Exercise prompt
Copy exactly and only the lines running from the one that contains "Отель Ape Estrela" to the final line of the data below, without the pictures.

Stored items
============

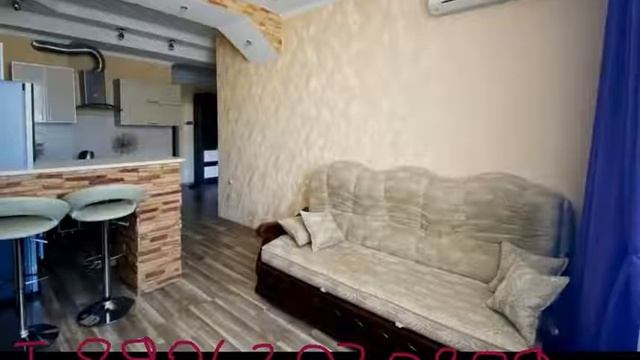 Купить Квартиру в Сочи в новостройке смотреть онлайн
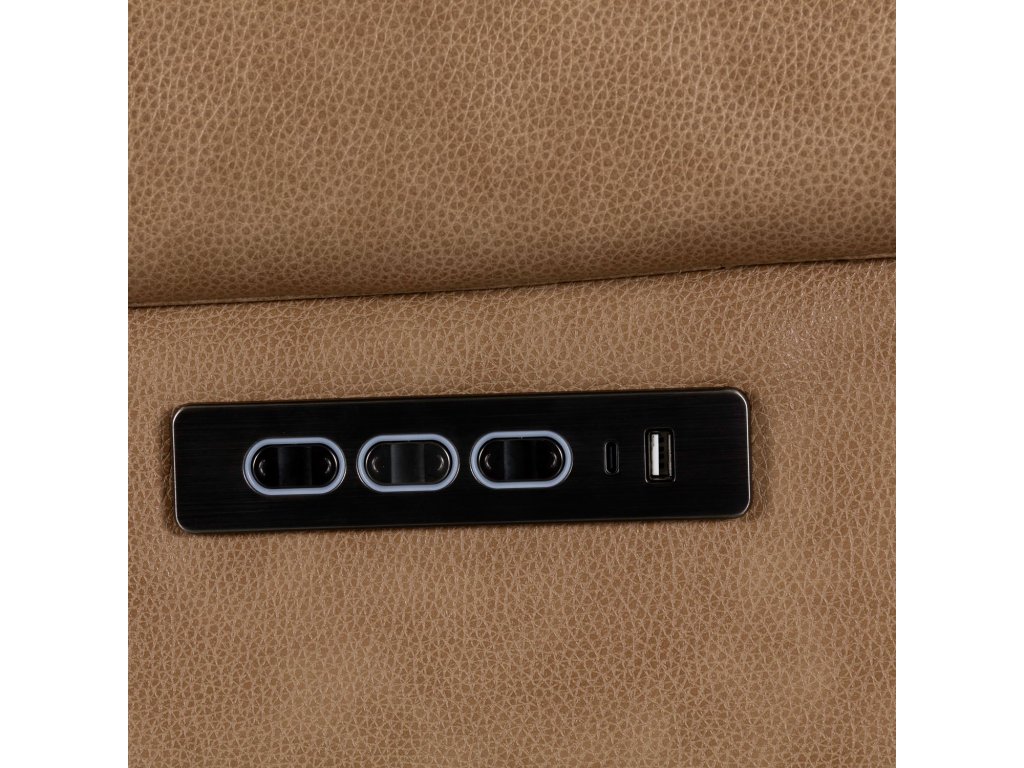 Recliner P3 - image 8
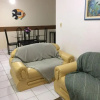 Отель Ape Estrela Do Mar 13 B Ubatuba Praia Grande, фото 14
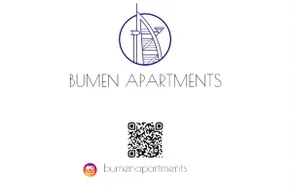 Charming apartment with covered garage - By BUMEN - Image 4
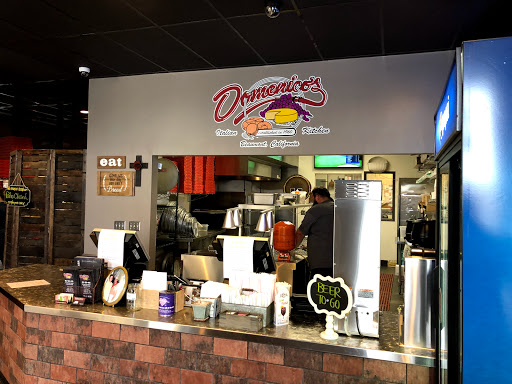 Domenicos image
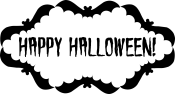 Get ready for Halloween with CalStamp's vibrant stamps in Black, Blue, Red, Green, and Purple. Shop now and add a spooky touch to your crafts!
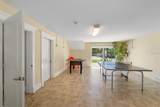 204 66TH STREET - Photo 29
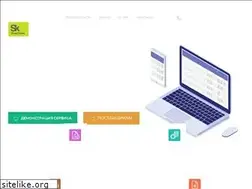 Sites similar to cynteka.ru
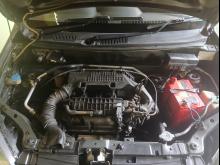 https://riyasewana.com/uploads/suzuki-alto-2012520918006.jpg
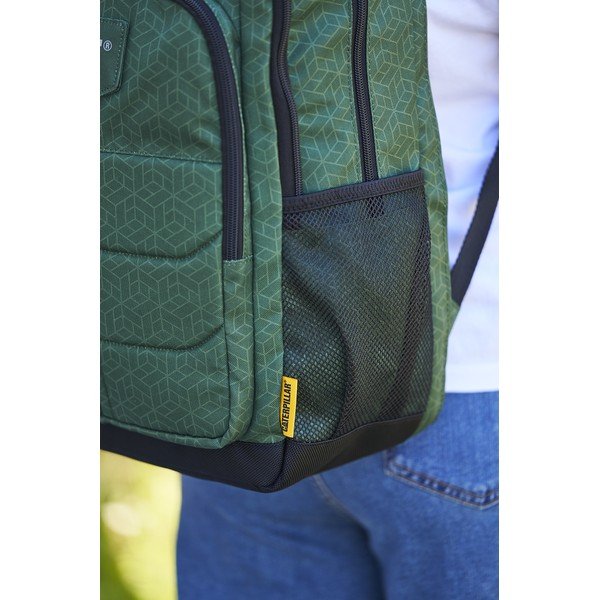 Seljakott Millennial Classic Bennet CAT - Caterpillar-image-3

============

Answer to the problem
 Отель Ape Estrela Do Mar 13 B Ubatuba Praia Grande, фото 14
 Charming apartment with covered garage - By BUMEN - Image 4
 Domenicos image
 Get ready for Halloween with CalStamp's vibrant stamps in Black, Blue, Red, Green, and Purple. Shop now and add a spooky touch to your crafts!
 204 66TH STREET - Photo 29
 Sites similar to cynteka.ru
 https://riyasewana.com/uploads/suzuki-alto-2012520918006.jpg
 Seljakott Millennial Classic Bennet CAT - Caterpillar-image-3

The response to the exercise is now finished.